Shar, what's wrong with being a little crazy?
Anyways, when it comes to trust, do NOT expect it to ever be 100 percent ever again. It won't, and be sure your H knows that as well. That 100 is gone forever, and in my opinion, that's a good thing. IMO, we're ALL imperfect human beings and don't deserve that complete trust.
Like the late President Reagan said, "Trust... But verify".
Now, as for rebuilding at least some of the trust: Start small. In my situation, OM was a good friend who also worked with my W. Still does. When my W would leave for work, I had MAJOR anxiety attacks over and over during the time she was gone. I just "knew" they were spending their breaks together, talking, etc. As a way to alleviate this, my W started calling me during her breaks and her lunch.
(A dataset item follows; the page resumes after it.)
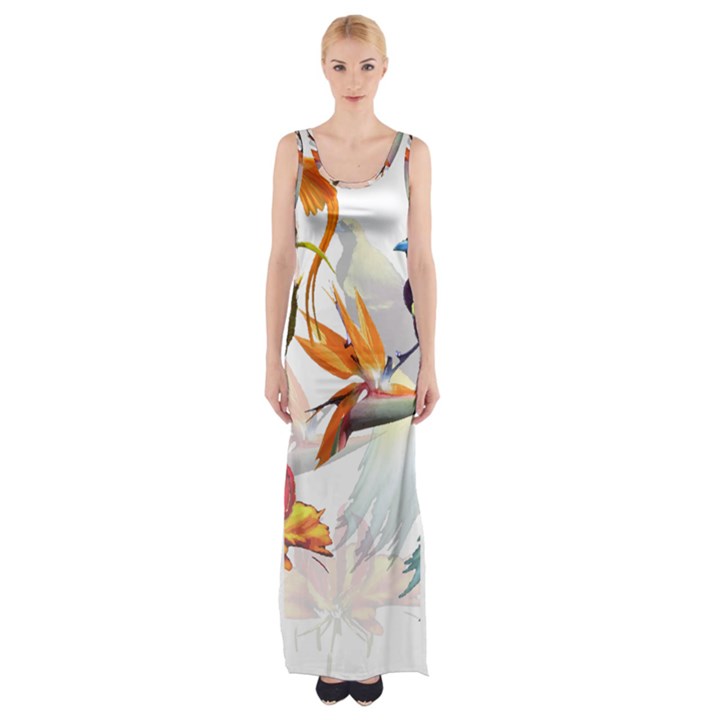 Exotic Birds of Paradise and Flowers Watercolor Maxi Thigh Split Dress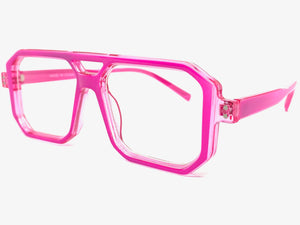 Classic Vintage Retro Aviarot Style Clear Lens EYEGLASSES Square Pink Frame 81182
It was a way for her to show me that she was spending her free time with me and not with him. She did this on my request with no argument. Not only did it help alleviate those anxiety attacks, it helped to lay the foundation for the rebuilding of that broken trust.
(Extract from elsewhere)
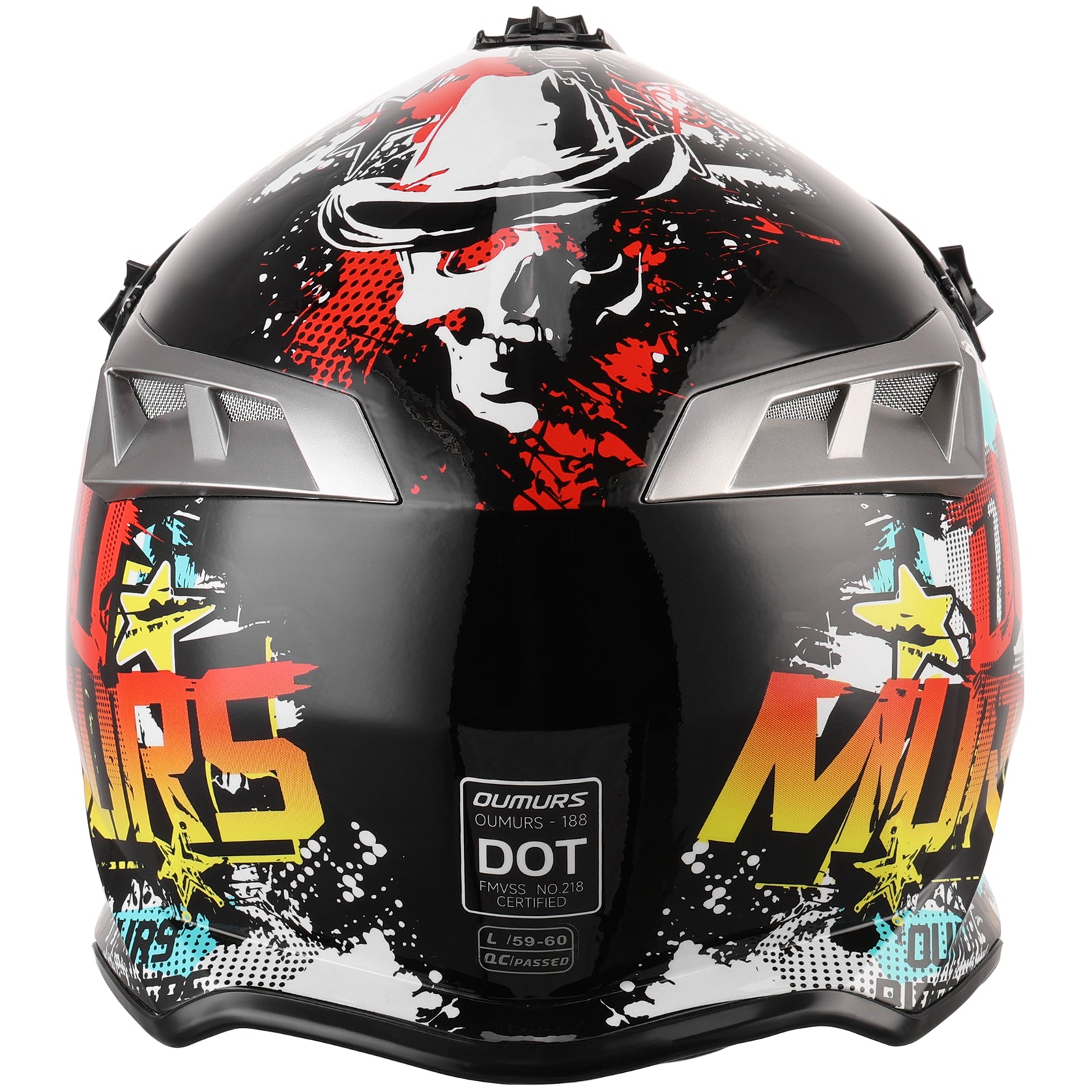 DOT Adult Dirt Bike Helmet White Cowboy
Another thing she did was, whenever she went anywhere without me, she would tell me exactly where she was going, what she going to be doing and what time she would be home.
Little things, yes, but they went a long way.
Another thing to try is a more "hands-on" approach to building trust: A blind walk. This is when one person gets blindfolded and the other's job is to lead them around safely. Being a blindie, I was forced to do this from almost day one after D-Day. It was eye opening (pun intended) to me, how much I DIDN'T want her to lead me around after D-Day. I honestly felt that I would rather risk that shopping mall during Xmas season without her. It's an experience, believe me.
Hope this helps,
Cory
Sight and Vision are two different things.